Brief descriptive captions:
= Beginning of Section =

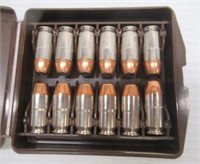 (12) Rounds  of .45 Cal. in Brown Case.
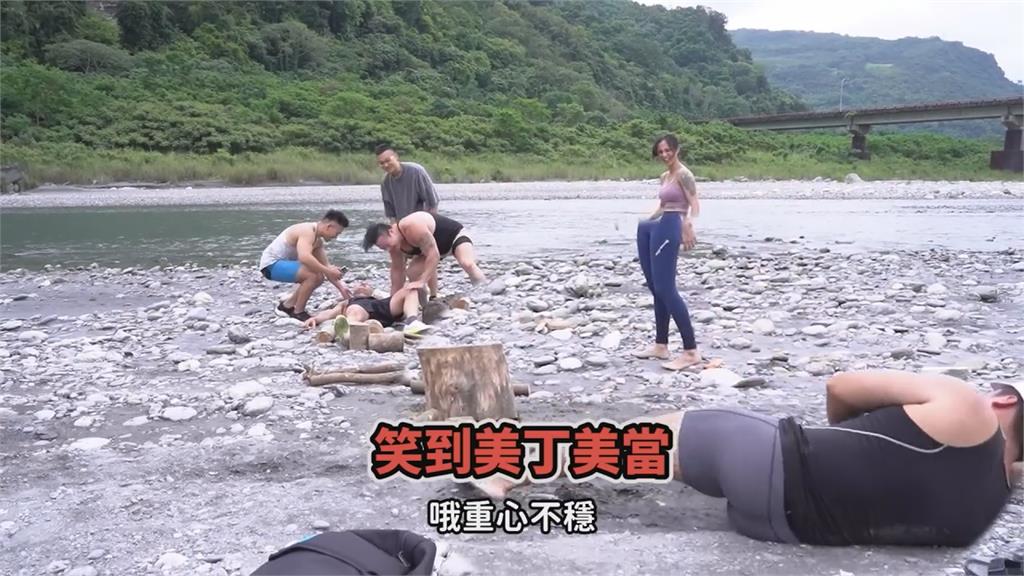 健身網紅對戰原民戰士 竟被「它」給絆倒在地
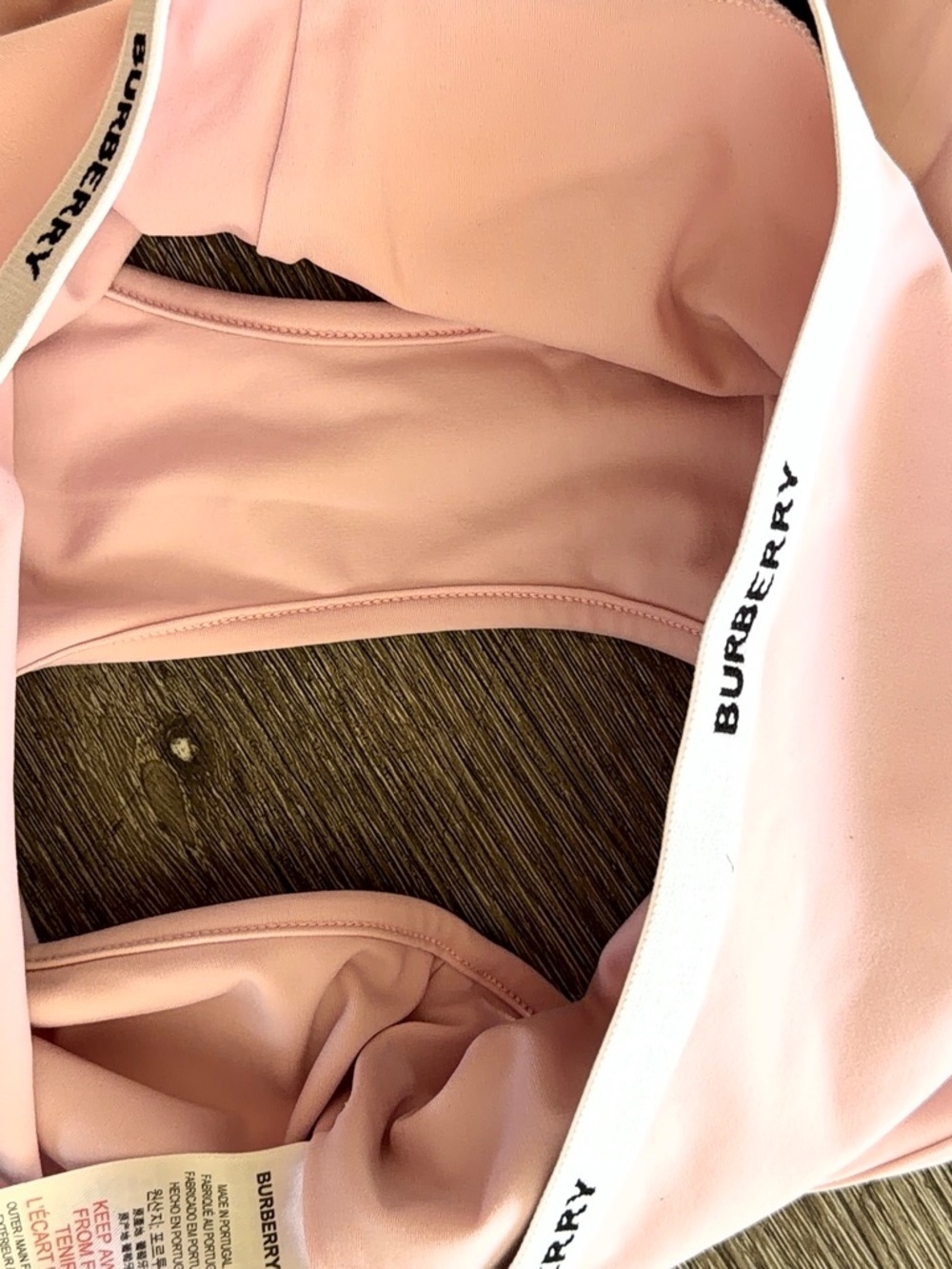Burberry Light Pink High-Waist Girls' Briefs with Branded Waistband - Picture 6 of 8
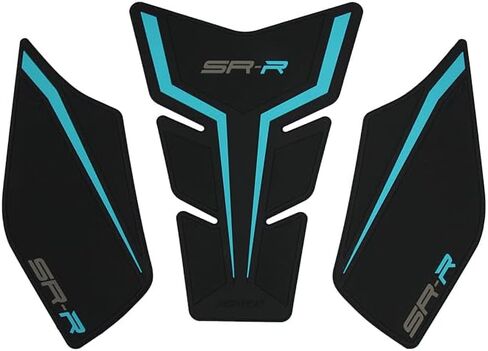 NIGHT CAT Motorcycle Tank Pad,Motorcycle Fuel Tank Protector,Gas Tank Decals Compatible With CFMOTO 675SR CF MOTO SR675 675 SR(Black blue 5pcs) in Saudi Arabia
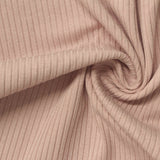 Stretch Rib Knit Fabric, 300 gsm — Beige — photo 2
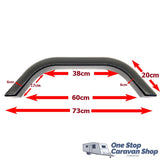 (PAIR) Black Plastic Wheel Spat (73cm)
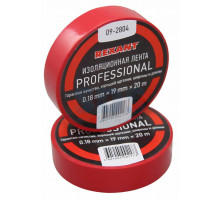 Изолента профессиональная 0.18 х 19 мм х 20м красная REXANT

= End of Section =

**INSTRUCTIONS TO FOLLOW**
The lines to repeat start at the one holding "(PAIR) Black Plastic Wheel Spat (73cm)" and run through the last line of the records above; write them out exactly, both ends included, but not the pictures.

**ANSWER FOR THIS EXERCISE**
 (PAIR) Black Plastic Wheel Spat (73cm)
 Изолента профессиональная 0.18 х 19 мм х 20м красная REXANT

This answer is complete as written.